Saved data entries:
Start of Block

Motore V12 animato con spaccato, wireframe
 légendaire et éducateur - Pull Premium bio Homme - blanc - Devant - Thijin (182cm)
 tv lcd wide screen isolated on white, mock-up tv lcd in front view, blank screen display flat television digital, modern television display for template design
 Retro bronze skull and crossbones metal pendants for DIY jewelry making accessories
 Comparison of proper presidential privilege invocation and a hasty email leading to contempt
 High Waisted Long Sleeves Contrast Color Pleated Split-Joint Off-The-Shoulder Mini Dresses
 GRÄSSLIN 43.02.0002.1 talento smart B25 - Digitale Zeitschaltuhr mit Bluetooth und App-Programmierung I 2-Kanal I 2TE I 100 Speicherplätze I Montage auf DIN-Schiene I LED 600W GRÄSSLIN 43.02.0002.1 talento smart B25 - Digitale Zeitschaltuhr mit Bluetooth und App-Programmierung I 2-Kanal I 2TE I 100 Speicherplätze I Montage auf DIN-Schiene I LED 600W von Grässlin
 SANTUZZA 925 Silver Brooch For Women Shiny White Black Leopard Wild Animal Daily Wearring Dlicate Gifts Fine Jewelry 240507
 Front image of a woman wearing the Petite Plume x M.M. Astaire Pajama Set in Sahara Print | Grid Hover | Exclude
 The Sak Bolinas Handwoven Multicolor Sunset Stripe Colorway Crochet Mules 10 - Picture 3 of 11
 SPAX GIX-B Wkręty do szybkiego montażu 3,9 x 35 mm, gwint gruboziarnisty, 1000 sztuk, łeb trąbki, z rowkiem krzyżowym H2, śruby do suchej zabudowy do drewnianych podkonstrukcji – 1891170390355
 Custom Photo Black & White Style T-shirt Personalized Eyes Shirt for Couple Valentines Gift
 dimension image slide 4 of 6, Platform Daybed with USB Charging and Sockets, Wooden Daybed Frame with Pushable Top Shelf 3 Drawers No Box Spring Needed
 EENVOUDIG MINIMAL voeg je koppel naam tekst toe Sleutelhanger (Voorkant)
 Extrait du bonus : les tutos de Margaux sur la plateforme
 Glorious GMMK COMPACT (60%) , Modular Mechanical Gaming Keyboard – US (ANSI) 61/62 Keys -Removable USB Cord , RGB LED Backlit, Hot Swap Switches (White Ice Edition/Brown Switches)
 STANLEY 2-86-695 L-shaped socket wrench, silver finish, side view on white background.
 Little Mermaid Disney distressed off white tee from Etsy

End of Block

[ABOUT THIS EXERCISE]: Repeat the records above exactly.

[REPLY]:
Motore V12 animato con spaccato, wireframe
 légendaire et éducateur - Pull Premium bio Homme - blanc - Devant - Thijin (182cm)
 tv lcd wide screen isolated on white, mock-up tv lcd in front view, blank screen display flat television digital, modern television display for template design
 Retro bronze skull and crossbones metal pendants for DIY jewelry making accessories
 Comparison of proper presidential privilege invocation and a hasty email leading to contempt
 High Waisted Long Sleeves Contrast Color Pleated Split-Joint Off-The-Shoulder Mini Dresses
 GRÄSSLIN 43.02.0002.1 talento smart B25 - Digitale Zeitschaltuhr mit Bluetooth und App-Programmierung I 2-Kanal I 2TE I 100 Speicherplätze I Montage auf DIN-Schiene I LED 600W GRÄSSLIN 43.02.0002.1 talento smart B25 - Digitale Zeitschaltuhr mit Bluetooth und App-Programmierung I 2-Kanal I 2TE I 100 Speicherplätze I Montage auf DIN-Schiene I LED 600W von Grässlin
 SANTUZZA 925 Silver Brooch For Women Shiny White Black Leopard Wild Animal Daily Wearring Dlicate Gifts Fine Jewelry 240507
 Front image of a woman wearing the Petite Plume x M.M. Astaire Pajama Set in Sahara Print | Grid Hover | Exclude
 The Sak Bolinas Handwoven Multicolor Sunset Stripe Colorway Crochet Mules 10 - Picture 3 of 11
 SPAX GIX-B Wkręty do szybkiego montażu 3,9 x 35 mm, gwint gruboziarnisty, 1000 sztuk, łeb trąbki, z rowkiem krzyżowym H2, śruby do suchej zabudowy do drewnianych podkonstrukcji – 1891170390355
 Custom Photo Black & White Style T-shirt Personalized Eyes Shirt for Couple Valentines Gift
 dimension image slide 4 of 6, Platform Daybed with USB Charging and Sockets, Wooden Daybed Frame with Pushable Top Shelf 3 Drawers No Box Spring Needed
 EENVOUDIG MINIMAL voeg je koppel naam tekst toe Sleutelhanger (Voorkant)
 Extrait du bonus : les tutos de Margaux sur la plateforme
 Glorious GMMK COMPACT (60%) , Modular Mechanical Gaming Keyboard – US (ANSI) 61/62 Keys -Removable USB Cord , RGB LED Backlit, Hot Swap Switches (White Ice Edition/Brown Switches)
 STANLEY 2-86-695 L-shaped socket wrench, silver finish, side view on white background.
 Little Mermaid Disney distressed off white tee from Etsy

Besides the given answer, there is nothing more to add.